If there is one universal truth nobody contends, it’s that beautiful people are dumb. They don’t need to study or read because everything gets handed to them on a silver platter. While the fat chicks are at home learning to be funny and the nerds are reading science textbooks …

If there is one universal truth nobody contends, it’s that beautiful people are dumb. They don’t need to study or read because everything gets handed to them on a silver platter. While the fat chicks are at home learning to be funny and the nerds are reading science textbooks learning to be smart, the beautiful people are out partying because beautiful people are invited to everything.
The problem with that is the notion that people are driven to books and humor and other non-aesthetic pursuits because of their lack of aesthetic appeal. If you’re not funny you can’t learn to become funny when you put on some weight. Nerds like science because they were born smart, not because they’re sitting in a room full of smart books with nothing better to do. People read because they’re interested. Is someone constantly saying, “Hey, you’re gorgeous, stop being curious about the world and come to this soiree”? No. There aren’t enough soirees in the day. So why are pretty girls (and men, beeteedubs — this used to be a strictly female phenomenon, but now that men can be models, they’re considered dumb too) — rather, why are blondes so stupid?
Here’s the deal: They aren’t.

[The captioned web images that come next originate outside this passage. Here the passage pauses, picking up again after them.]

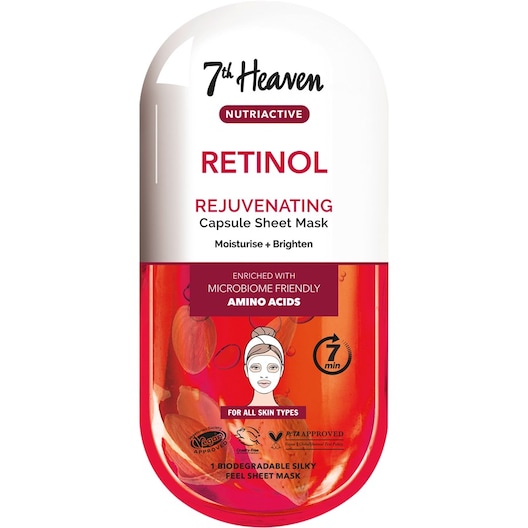 7th Heaven Ansigtsmasker Masker af stof Retinol Rejuvenating Capsule Mask 1 Stk.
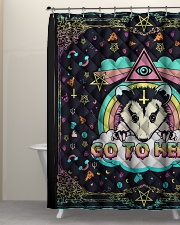 Limited Time Shower Curtain aos-shower-curtains-71x74-lifestyle-front-05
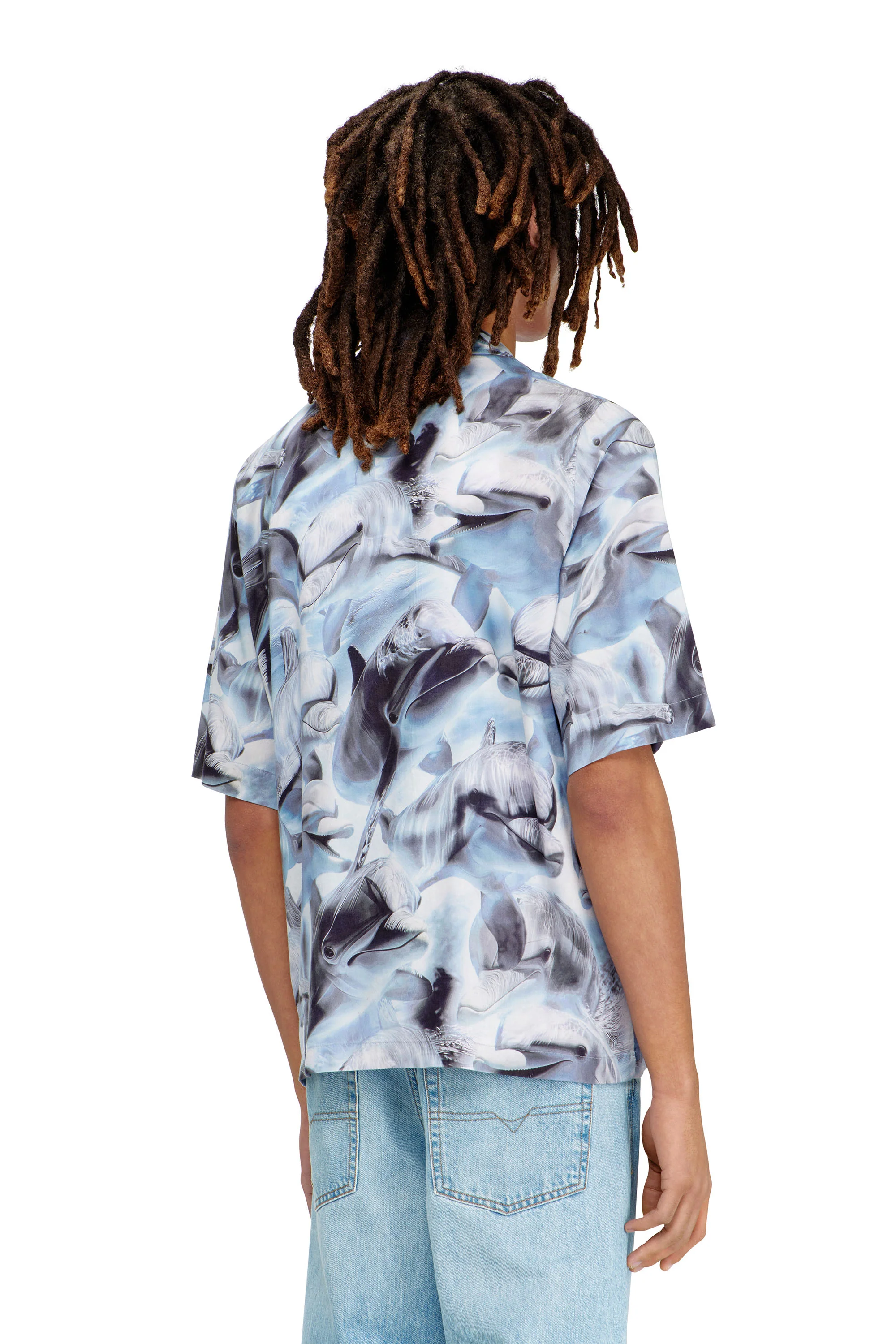 DIESEL S-Brack-Dolphin Shirt - Blue - Image 2
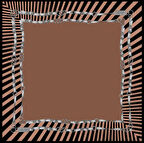 La Boutique Tivil İpek Eşarp 2132 - 12 Siyah - Kahverengi Karışık Desen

We just remember when they are because we expect more out of them. We’ve seen Humphrey Bogart and Marilyn Monroe and every movie star since be dynamic on screen so when an attractive person doesn’t dazzle us, we register our disappointment as a big, pissed off “idiot” in our brains forever. Everyone is pretty much dumb. If you were to close your eyes and randomly pick an American from any state in the union, you would be shocked at how dumb they are. Beautiful people reflect this statistic. They have an average IQ of about 100. You just register their stupidity more than you register the zit-faced teenager who packs your groceries or the old lady who sits next to you on the bus. Also, it doesn’t help that our inherent jealousy gets a real kick out of seeing them fail. That really drives it into the memory banks.
And another thing, most of your friends and the people around you are there because you feel you have something in common with them. When you have a beautiful person in your life it’s usually because you want to have sex with them and it’s usually only because they are particularly attractive. When this stranger is put up next to your close friends, he or she pales in comparison. The two hottest girls I ever dated (besides my wife, of course) were also the dumbest. I dated them almost solely based on my friends’ glaring approval. We were incompatible. What did I think was going to happen?
Now, why blondes? Well, for some reason I can’t quite figure out; the Northern European look is synonymous with the world’s idea of beautiful. “Britney Spears” is still the most googled term on the entire Internet. So, for now at least, “blonde” is the same as saying “beautiful woman” and I just explained why we think beautiful people are dumb. Once again, nature trumps nurture.
This is my theory and I’m sticking to it.
you’re an idiot. but that doesn’t make you one of the world’s most beautiful people,either. shows us some pics of your wife. that is all.
First?
Damnit
As a Jew I can tell you who made all that shit up about blonds and spread it through the media, but I won’t say it because I don’t want to publicly expose my own people. Hint: It has something to do with something that happened in WW II.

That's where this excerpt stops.